The True story of One of the Murdered Women
In his speech at the Presbyterian synod, says the Pall Mall Gazette, the Rev. John
MacNeill created a sensation by telling the following tale:
He was speaking of temperance and said that last Sunday, when he preached a temperance
sermon at the tabernacle, he received a letter from a lady on the danger of the use at
communion of unfermented wine.
The lady in her letter told a sad story of an inherited passion for drink. There were four
or five of them - several brothers and two sisters - the children of intemperate parents.

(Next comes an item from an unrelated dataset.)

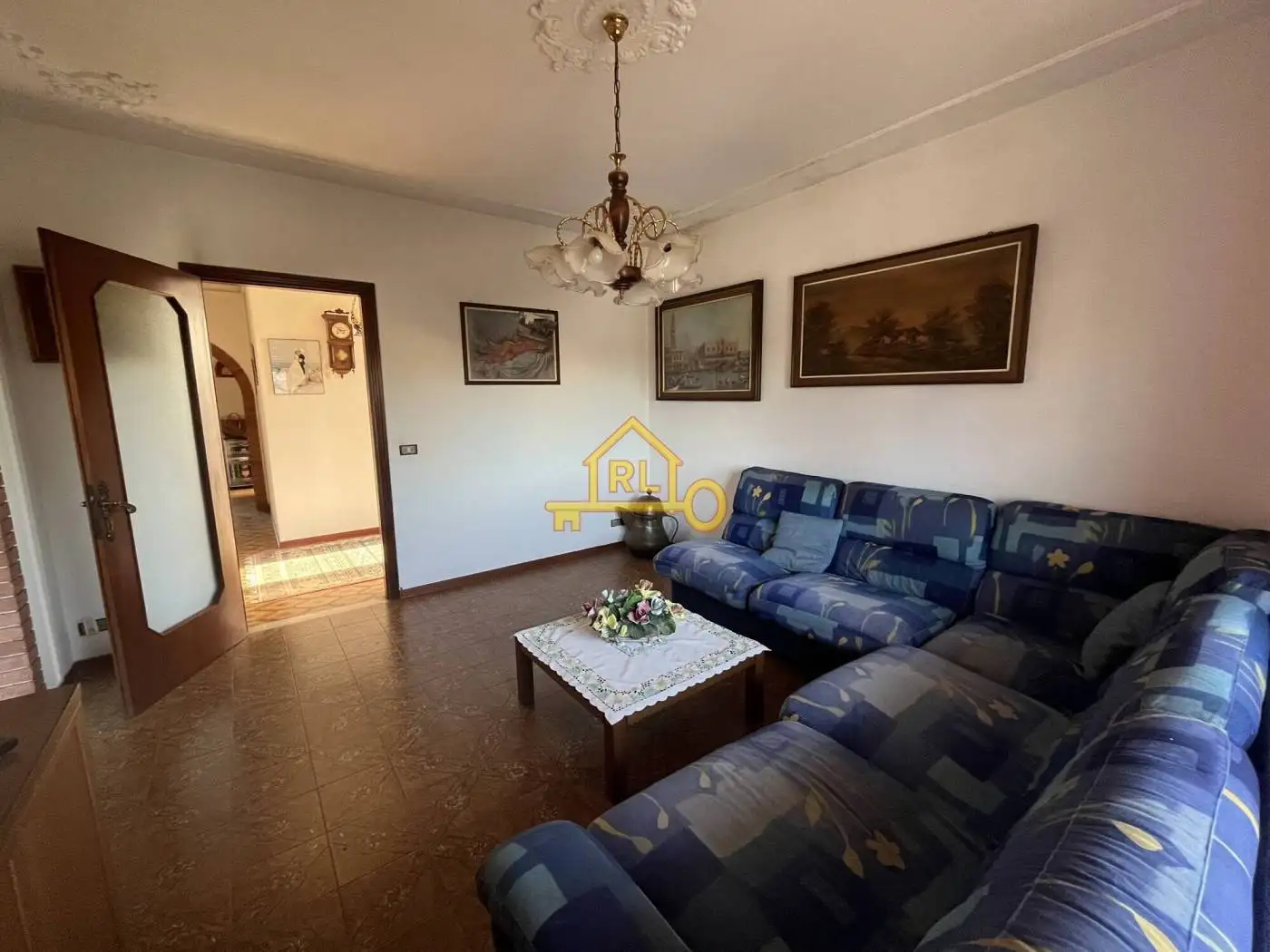 Villa bifamiliare via Aquileia 681, Centro, Concordia Sagittaria - foto 2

Her sister had unfortunately inherited the craving, and before she was fourteen had taken
to drink. The others became converted and did all in their power to cure the sister, but
it was of no use.
The sister at length married comfortably and children were born. But the craving for drink
grew greater, and at length she was sent to a home for inebriates where she staid (sic)
for a year. She left apparently, said the sister, a changed woman. Soon after, however,
her husband caught a severe cold and before going out one morning drank a glass of hot
whiskey, taking care, however, not to do so in the presence of his wife. Then, as was his
custom, before leaving he kissed his wife. At once the fumes of the alcohol passed into
her, and in an hour she was a drunk and roaring woman. She went from worse to worse, and
at last left her husband and her children, one of them a cripple through her drunkenness.
The husband died two years ago, a white-haired and broken-hearted man, though only
forty-five years old.
"Need I add," said the sister in her letter, "what became of her? Her story is that of
Annie Chapman, one of the recent Whitechapel victims. That was my sister!"